Unit 1 reviewing state guidance on return to school


A day after Illinois released new guidelines related to Phase 4 of the governor’s Restore Illinois plan, school districts were provided with a bit of guidance on what the school year will look like.
On Tuesday afternoon, Coal City Superintendent Dr. Kent Bugg issued a letter to district families with an update on the district’s efforts to prepare for the start of new school year.
As the district awaits guidance to be released by the Illinois State Board of Education [ISBE], various scenarios are being taken into consideration including in-person learning, the need to continue with remote learning and a blended plan that finds students learning in the classroom and at home.

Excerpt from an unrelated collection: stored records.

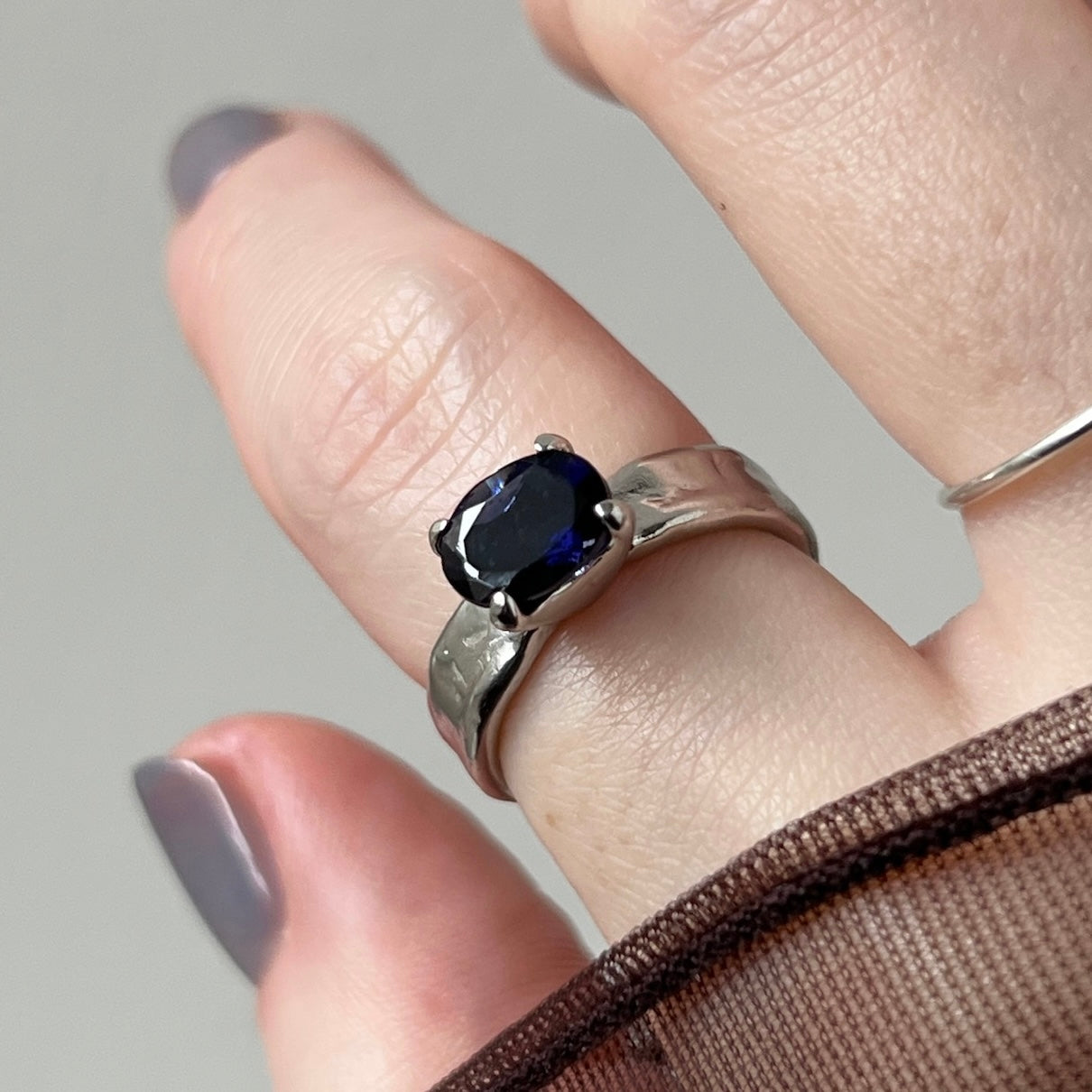 [ iolite ] um silver ring [ free size ]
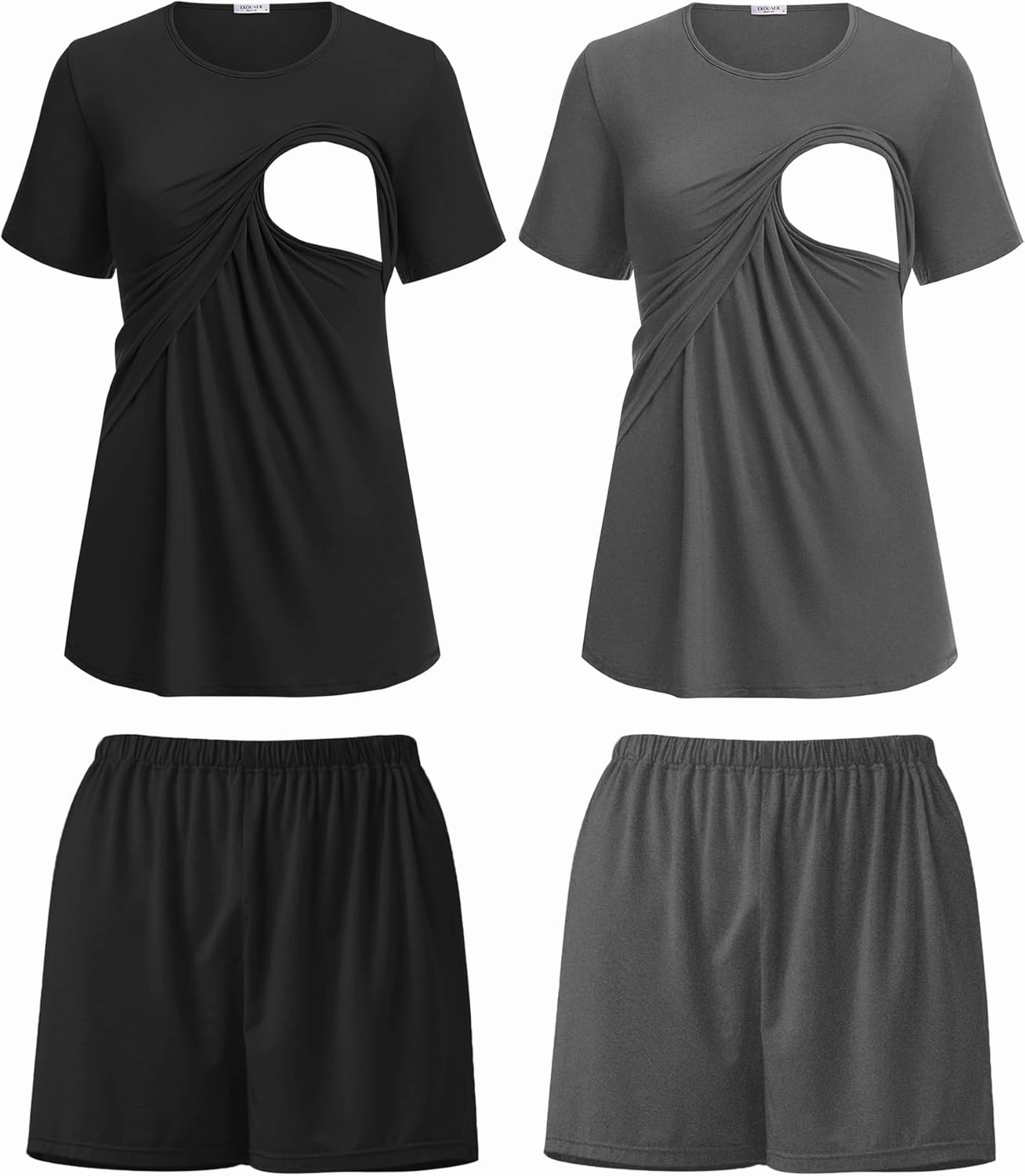 Ekouaer 2 Pack Women's Nursing Pajamas Set Double Layer Maternity Pjs Postpartum Loungewear Set Breastfeeding Tops & Shorts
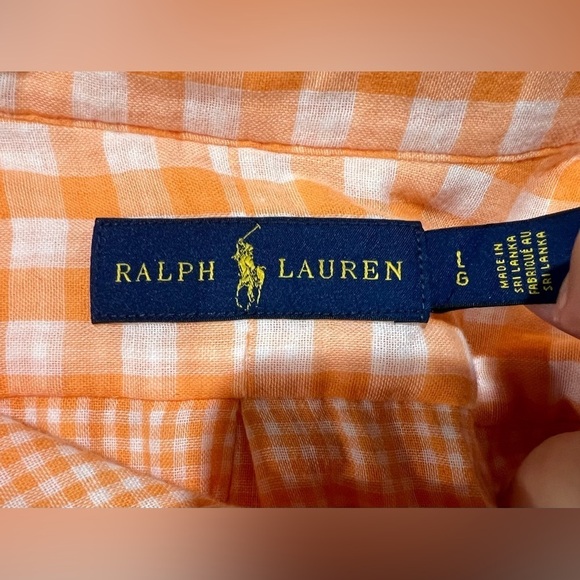 Men's POLO RALPH LAUREN Classic Fit Double Faced
Orange Gingham button up Size L - Picture 6 of 10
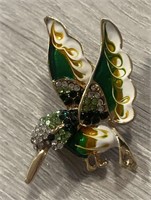 Green & White Hummingbird Pin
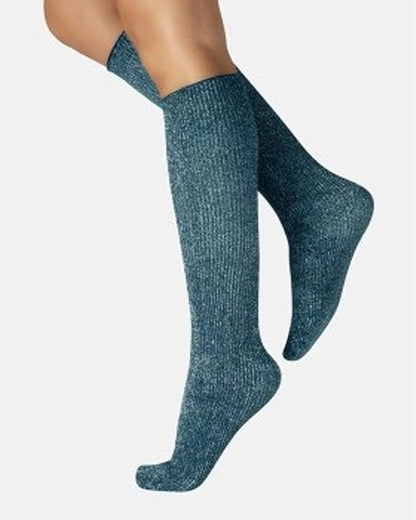 Calzitaly Glitter Rib Sock - Teal opaque knee-high fashion ribbed socks with silver lamé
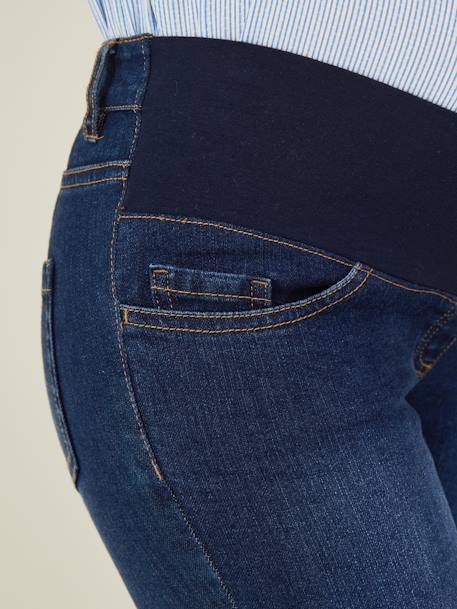 Skinny Leg Jeans with Narrow Belly Band, for Maternity Dark Blue - vertbaudet enfant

“There are multiple committees conducting this work that include school board members, administration, faculty, staff, parents, students and community leaders. All of these committees are considering various scenarios to provide the best possible educational experience within the health and safety parameters that will be provided by the ISBE,” Bugg stated.
The hope is the plan can be finalized and released to the public as soon as the state board issues its recommendations.
Bugg understands students and parents want to know what will come of the current school year.
“I understand that there are many unanswered questions regarding the start of the 2020-2021 school year. Now that the ISBE guidance has been released, we will work diligently to finalize our return to school plans and share them with everyone as soon as possible. In the meantime, we appreciate your patience as we work through this current public health issue,” Bugg stated.
He noted the district’s direction is guided by ISBE, as well as the Illinois Department of Public Health and Grundy County Health Department.
“During these unprecedented times our primary focus has been, and will continue to be on the health, safety and well being of our students, families and staff. Therefore, we will continue to follow any future health and safety requirements that come from our governing state agencies and local public health organizations,” Bugg said.